È il trionfo della democrazia di base. Congressi straordinari e votazioni per far decidere agli iscritti scelte importanti come le alleanze per un nuovo governo. «È la democrazia dei partiti, bellezza», si può dire parafrasando Humphrey Bogart. Sembra passato un secolo, ma è anche quello che facevano i “partiti di massa” italiani nella Prima repubblica. Dc, Pci, Psi e partiti laici consultavano sempre gli iscritti (con congressi ordinari e straordinari) quando affrontavano decisioni importanti come nuove alleanze di governo.
La Seconda repubblica invece, quella della contrapposizione Berlusconi-Prodi, vide la nascita dei “partiti leggeri”, leaderistici con poca attenzione verso la democrazia interna.

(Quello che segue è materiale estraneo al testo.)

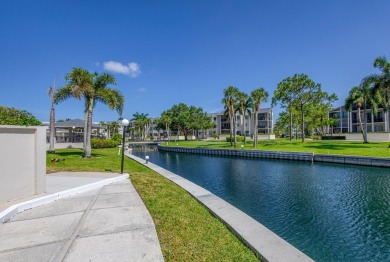 BEAUTIFULLY UPDATED FIRST FLOOR CORNER UNIT, PRIVATE & IDEALLY on BallenIsles Golf and Country Club in Florida - for sale on GolfHomes.com, golf home, golf lot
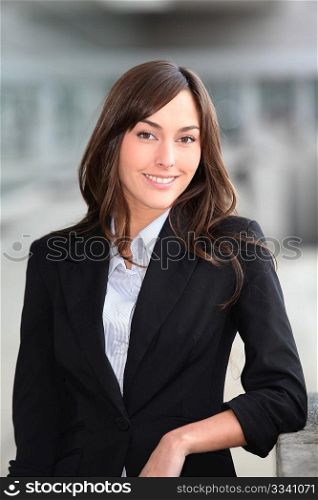 Closeup of beautiful businesswoman standing outside the office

Praticamente senza radici nella società italiana. Le decisioni erano prese e comunicate improvvisamente dal leader carismatico, con un rapporto diretto con i propri elettori. Trionfò il sistema elettorale maggioritario ma fallì l’obiettivo dichiarato di ridurre il numero dei partiti e di assicurare stabilità politica. I governi cambiavano rapidamente e, spesso, con maggioranze del tutto diverse da quelle proposte agli elettori prima del voto. I partiti proliferarono, arrivarono ad oltrepassare il numero di 40 con il sistema maggioritario.
Nella Terza repubblica, quella nata dal trionfo populista del grillismo e del leghismo salviniano, le cose non sono per niente cambiate: maggioritario, cambi di governo a catena con maggioranze diversissime, un diluvio di partiti e partitini personali, il potere concentrato nelle mani dei capi carismatici Grillo e Salvini. Molte volte il leader prende decisioni importanti senza consultate gli organismi dirigenti del partito né gli iscritti: basta una dichiarazione su Twitter e un post su Facebook perfino per capovolgere una alleanza di governo.
Invece in Germania, come nella Prima repubblica in Italia, c’è il sistema elettorale proporzionale, i partiti navigano sotto i 10, hanno una precisa identità politica, i leader fanno puntualmente i conti con la base. Il meccanismo, anche di fronte a gravi problemi politici, funziona. In Italia, invece, il sistema è in profonda crisi. In poco tempo la debolezza dei partiti ha costretto a chiedere l’aiuto di due presidenti del Consiglio tecnici, esterni al sistema politico: Mario Monti nel 2011, Mario Draghi nel 2021. È interminabile la transizione politica italiana dopo il crollo della Prima repubblica.